China's further reductions of import taxes on some cars and auto parts as of July 1, may lead to a new wave of auto price cuts in the second half of this year, China Securities Journal reported Monday.
The three-percent tariff reduction will provide more opportunities to offer price cuts amidst fierce competition, the newspaper cited Zhang Xin, an auto-market analyst with Guotai Junan Securities, as saying.
Besides, the first half of a year generally tends to see more car sales than the second half of the year, Zhang said noting that due to this, price cuts are frequently used by manufacturers for sales promotion in the latter part of the year.
The cuts on import taxes of auto parts will reduce the import cost of major parts for domestic auto manufacturers, which will certainly have some effect on the prices of domestic cars.
For China's imported autos, tax cuts in July will result in a policy amendment rather than having any major effect, as a three-percent decrease is really a small adjustment, insiders said, adding that factors like foreign exchange rates and the market situation have more effect on auto price fluctuations than tax cuts.
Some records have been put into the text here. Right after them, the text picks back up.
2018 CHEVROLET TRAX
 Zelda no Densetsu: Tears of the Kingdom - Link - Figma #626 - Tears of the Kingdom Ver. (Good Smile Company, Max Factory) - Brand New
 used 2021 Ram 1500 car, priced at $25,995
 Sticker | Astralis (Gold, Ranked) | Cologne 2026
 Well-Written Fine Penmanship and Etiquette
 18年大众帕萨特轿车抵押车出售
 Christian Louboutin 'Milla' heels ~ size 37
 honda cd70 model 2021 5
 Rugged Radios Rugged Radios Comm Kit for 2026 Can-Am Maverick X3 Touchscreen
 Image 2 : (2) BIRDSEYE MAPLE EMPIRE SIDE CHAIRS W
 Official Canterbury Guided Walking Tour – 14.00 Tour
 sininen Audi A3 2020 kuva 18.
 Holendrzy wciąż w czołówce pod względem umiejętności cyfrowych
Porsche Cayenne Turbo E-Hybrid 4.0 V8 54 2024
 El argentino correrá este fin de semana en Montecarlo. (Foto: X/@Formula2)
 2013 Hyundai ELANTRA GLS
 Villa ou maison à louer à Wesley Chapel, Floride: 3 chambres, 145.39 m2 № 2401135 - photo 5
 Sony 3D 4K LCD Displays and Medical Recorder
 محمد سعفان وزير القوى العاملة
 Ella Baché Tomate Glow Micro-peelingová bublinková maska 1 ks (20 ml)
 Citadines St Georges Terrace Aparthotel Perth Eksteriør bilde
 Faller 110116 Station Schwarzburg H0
To fulfill its commitments on tariff reduction upon its entry into the World Trade Organization (WTO) in 2001, China has lowered the tariffs on cars, SUVs (sports utility vehicles or cross-country vehicles), and mini-buses from 28 percent to 25 percent, as of July 1.
Meanwhile, the import taxes on auto parts, such as auto bodies, underpans, medium and low emission gasoline engines, will be reduced to 10 percent from a range between 13.8 percent and 16.4 percent.